The problem with urging outside-the-box thinking is that many of us do a less-than-stellar job of thinking inside the box. We often fail to realize the options and opportunities that are blatantly visible inside the box that could dramatically improve our chances of success.

Naomi Karten [1]

### The Description Logics Underpinnings of the Semantic Web

Description logics are one of the key underpinnings to the semantic Web. They grew out of earlier frame-based logic systems from Marvin Minsky and also semantic networks; the term and discipline was first given definition in the 1980s by Ron Brachman, among many others [2].

Description logics (DL, most often expressed in the plural) are a logic semantics for knowledge representation (KR) systems based on first-order predicate logic (FOL). They are a kind of logical metalanguage that can help describe and determine (with various logic tests) the consistency, decidability and inferencing power of a given KR language. The semantic Web ontology languages, OWL Lite and OWL DL (which stands for description logics), are based on DL and were themselves outgrowths of earlier DL languages.
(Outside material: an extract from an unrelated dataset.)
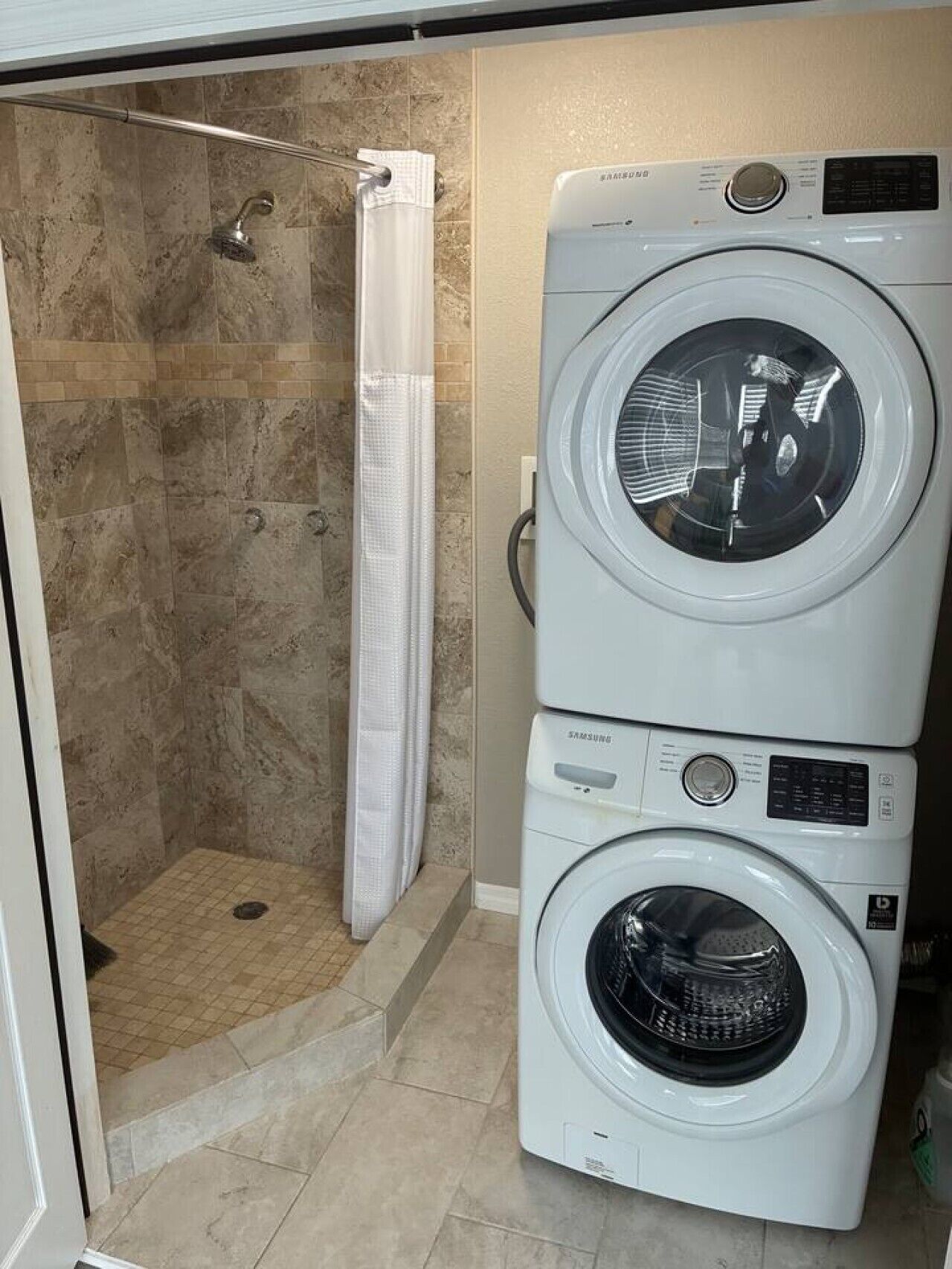 Un espace buanderie comprenant deux machines à laver superposées et un espace douche.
Description logics and their semantics traditionally split concepts and their relationships from the different treatment of individuals and their attributes and roles, expressed as fact assertions. The concept split is known as the TBox (for terminological knowledge, the basis for T in TBox) and represents the schema or taxonomy of the domain at hand. The TBox is the structural and intensional component of conceptual relationships.
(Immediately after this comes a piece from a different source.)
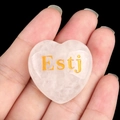 Pink heart-shaped crystal stone with gold Estj MBTI lettering displayed in hand - Executive/Estj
Thus, the model is an abstraction of a concrete world where the concepts are interpreted as subsets of the domain as required by the TBox and where the membership of the individuals to concepts and their relationships with one another in terms of roles respect the assertions in the ABox.

Franz Baader and Werner Nutt [3]

The second split of individuals is known as the ABox (for assertions, the basis for A in ABox) and describes the attributes of individuals, the roles between individuals, and other assertions about individuals regarding their class membership with the TBox concepts. Both the TBox and ABox are consistent with set-theoretic principles.
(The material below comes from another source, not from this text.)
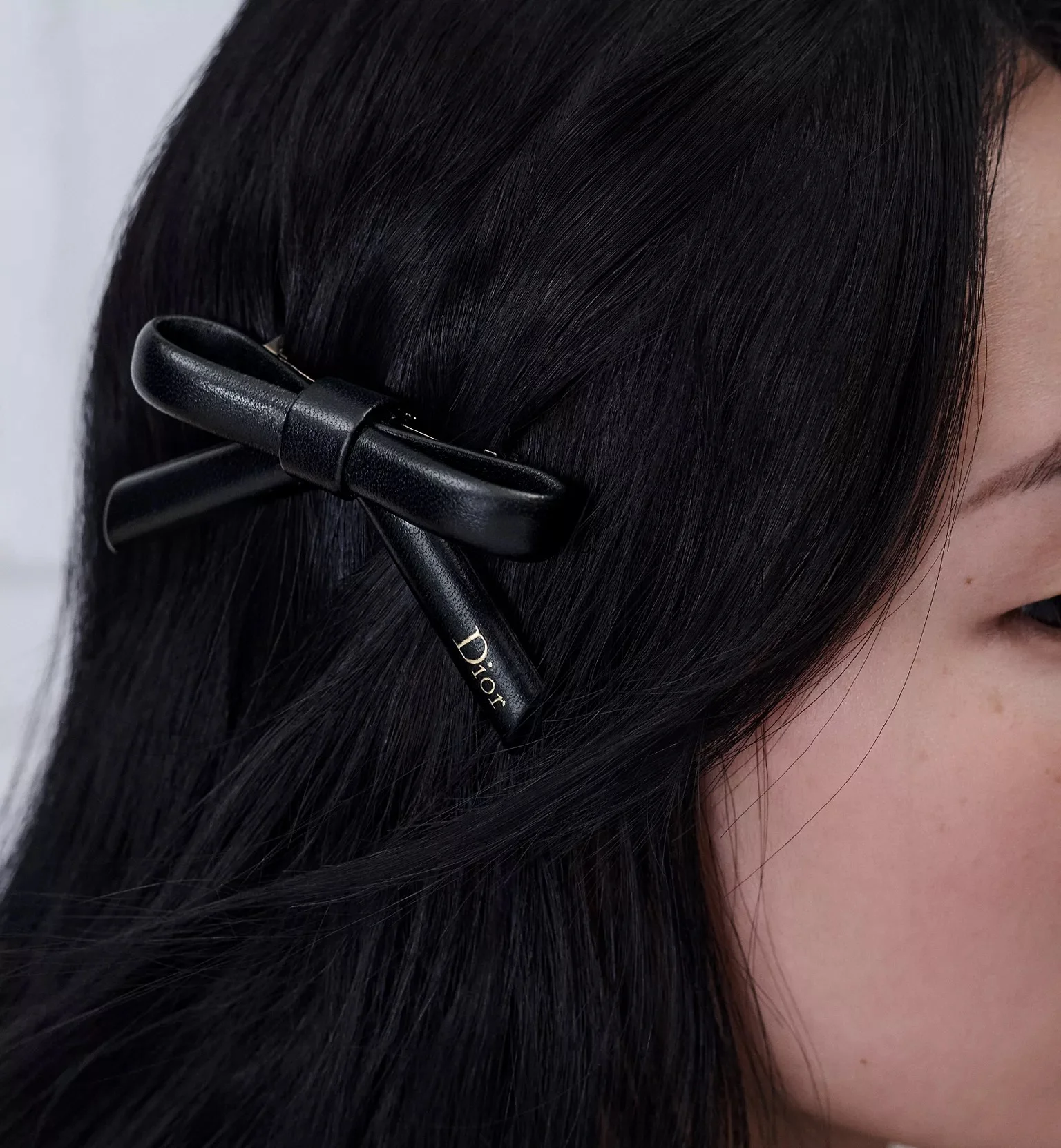 Celine gold-finished brass hair clips paired alongside Louis Vuitton MNG flat clips set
TBox and ABox logic operations differ and their purposes differ. TBox operations are based more on inferencing and tracing or verifying class memberships in the hierarchy (that is, the structural placement or relation of objects in the structure). ABox operations are more rule-based and govern fact checking, instance checking, consistency checking, and the like [3]. ABox reasoning is generally more complex and at a larger scale than that for the TBox.

Early semantic Web systems tended to be very diligent about maintaining these “box” distinctions of purpose, logic and treatment. One might argue, as I do herein, that the usefulness and basis for these splits has been lost somewhat in our first implementations and publishing of linked data systems.

### ABox and TBox Analogs in the Linked Data Web

Most of the semantic Web work at the beginning of this decade was pretty explicit about references to description logics and related inferencing engines and computational efficiency. Some of the early commercial semantic Web vendors are still very much focused on this space.

However, with the first release and emphasis on linked data about two years ago, the emphasis seemed to shift to the more pragmatic questions of actually posting and getting data out there. Best practices for cool URIs and publishing and linkage modes assumed prominence. The linking open data (LOD) movement began in earnest and gained mindshare. Of course, many in the DL and OWL development communities continued to discuss logic and inferencing, but now seemingly more as a separate camp to which the linked data tribe paid little heed.

The central hub of this linked data effort has been DBpedia and its pivotal place within the ‘LOD cloud.’ What is remarkable about the LOD cloud, however, is that it is almost entirely an ABox representation of the world and its instances. Starting from the core set of individual instances within Wikipedia, this cloud has now grown to many other sources and the central place for finding linked instance data. If one looks carefully at the LOD cloud and its linkages we can see the prevalence of instance-level relationships and attributes.

Linking Open Data’s “ABox”

Linking Open Data’s “TBox”

In fact, the LOD cloud diagram to upper right from the Wikipedia article on linked data has become the key visual metaphor for the movement. But, as noted, this view is almost exclusively one at the ABox instance level.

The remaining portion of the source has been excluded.